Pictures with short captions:
- - - - - - -
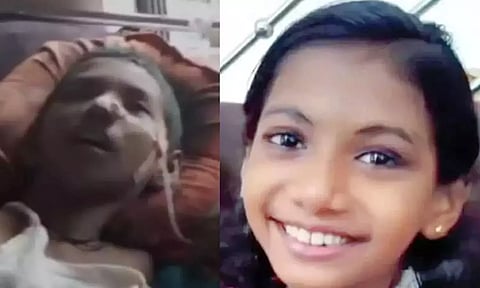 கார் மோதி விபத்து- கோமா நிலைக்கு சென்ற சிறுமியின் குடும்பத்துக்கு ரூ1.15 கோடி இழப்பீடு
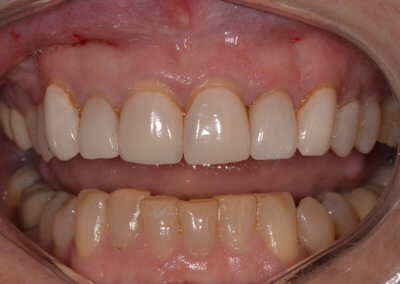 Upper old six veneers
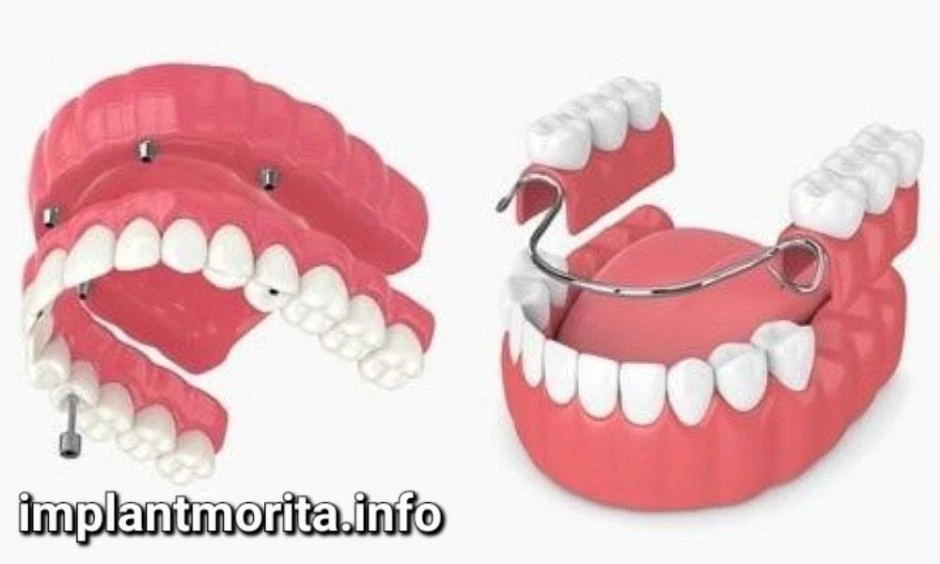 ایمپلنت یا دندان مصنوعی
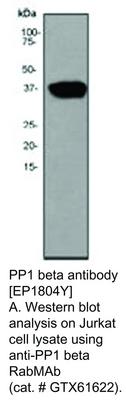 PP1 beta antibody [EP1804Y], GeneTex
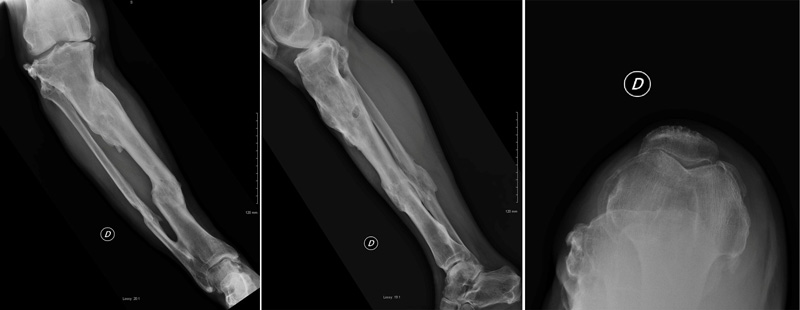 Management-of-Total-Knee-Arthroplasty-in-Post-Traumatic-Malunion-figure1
- - - - - - -
> Problem: Output the entries above verbatim. Omit the images.

> Expected answer:
 கார் மோதி விபத்து- கோமா நிலைக்கு சென்ற சிறுமியின் குடும்பத்துக்கு ரூ1.15 கோடி இழப்பீடு
 Upper old six veneers
 ایمپلنت یا دندان مصنوعی
 PP1 beta antibody [EP1804Y], GeneTex
 Management-of-Total-Knee-Arthroplasty-in-Post-Traumatic-Malunion-figure1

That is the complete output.